Emmanuel Charpentier gravatar image

updated 2017-11-21 03:17:36 -0600

EDIT : Thierry's answer is _much_ better than mine, and is even _lazier_.

I'll leave my answer as a memento : _"Lazy" doesn't mean lazy enough to not look at Python's library documentation..._

If your numbers are ALL representable exactly as an R integer or float, R allows you to be lazy...

Let's be lazy :

sage: r.help("hist")

hist package:graphics R Documentation

Histograms

Description:

 The generic function ‘hist’ computes a histogram of the given data
 values.  If ‘plot = TRUE’, the resulting object of class
 ‘"histogram"’ is plotted by ‘plot.histogram’, before it is
 returned.

Usage:

 hist(x, ...)

(I abbreviated the screeenfuls of help...).
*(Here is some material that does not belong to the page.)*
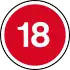 Red circle with 18 in centre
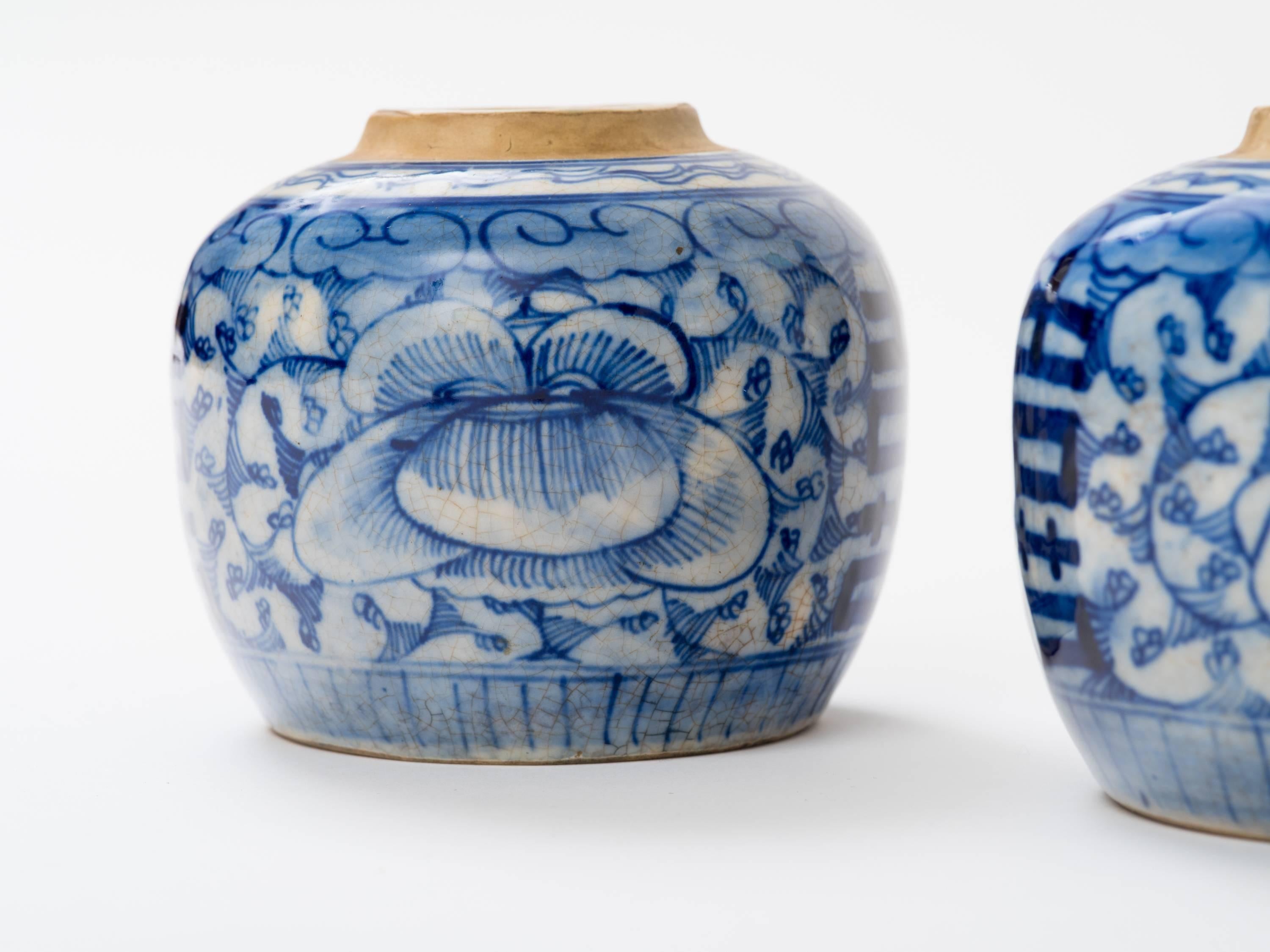 Ceramic Pair of Chinese 19th Century Lotus Ginger Jars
You may also want to plot yourself : R may regroup your results in more-or-less comparable bins, which mau or may not be what you want. This might come handy :

sage: results=[randint(-5,5) for i in range(100)] # Simulated results...
sage: H=r.table(results).sage() # Guarantees one count per distinct value in result.
## A mouthful, to be programmed.
sage: P=map(lambda a,b:[a,b], H.get("_Dimnames").get('DATA').values()[0],H.get('DATA')) 
sage: P

[['-5', 12],
 ['-4', 12],
 ['-3', 12],
 ['-2', 15],
 ['-1', 11],
 ['0', 7],
 ['1', 10],
 ['2', 6],
 ['3', 4],
 ['4', 5],
 ['5', 6]]

points(P) is a first rough approximation of the graph you seek. Now, if you insist on a barchart,R may have some interesting possibilities...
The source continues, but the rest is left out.